1. A regulator system for regulating a temperature associated with a heat exchanger assembly of a turbine engine, the regulator system including a controlled valve, a heat exchanger having connected thereto as input a first pipe bleeding off a first air stream under pressure downstream from a compression stage of the turbine engine, and a second pipe bleeding off via the controlled valve a second air stream formed by air bled off downstream from a fan of the turbine engine, the temperature of the second air stream at the inlet to the heat exchanger being less than the temperature of the first air stream at the inlet to the heat exchanger, the heat exchanger being suitable for lowering the temperature of the first air stream at an outlet from the heat exchanger by exchanging heat with the second air stream, and said valve including a shutter that can be controlled electrically by a control unit to vary the flow rate of an air stream passing through said heat exchanger assembly in order to influence said temperature; the system being characterized in that the control unit for the valve comprises: a temperature sensor for measuring the temperature of the first air stream at the outlet from the heat exchanger; an estimator module for estimating a theoretical temperature for the first air stream at the outlet from the heat exchanger as a function, amongst others, of an estimate of the position of the shutter of the valve; a first subtracter configured to calculate a first temperature difference between the measured temperature and the estimated theoretical temperature; a correction module configured to use the first calculated temperature difference to determine a correction current for correcting a control current from the control unit for the valve; a second subtracter configured to calculate a second temperature difference between the measured temperature and a setpoint temperature for the first air stream at the outlet from the heat exchanger; and a control means configured to use the second temperature difference to deliver a control current for controlling the shutter of the valve while taking account of the correcting current; the estimator module including a determination module for determining the position of the shutter of the valve from the control current and from the correction current.
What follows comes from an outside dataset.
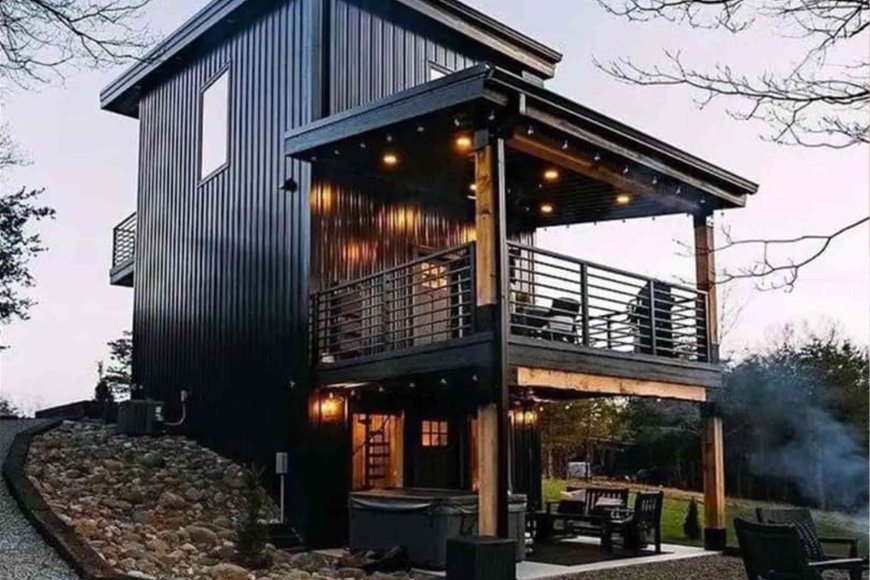 This Two-Story Tiny Home on Amazon Has a Fireplace, Wall-to-Wall Windows, a Patio, and a Deck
2. A regulator system according to claim 1, wherein said controlled valve is a scoop valve of variable inlet section.

3. A regulator system according to claim 1, wherein the control unit further comprises a flow rate sensor mounted in the first pipe, a temperature sensor mounted in the second pipe, and a module for determining the flow rate of the second air stream at the inlet to the heat exchanger on the basis of a value for the maximum flow rate of the second air stream at the inlet to the heat exchanger when the shutter of the valve is fully open and from a factor depending on the position of the shutter of the valve.

4. An aircraft turbine engine, characterized in that it includes at least one regulator system according to claim 1.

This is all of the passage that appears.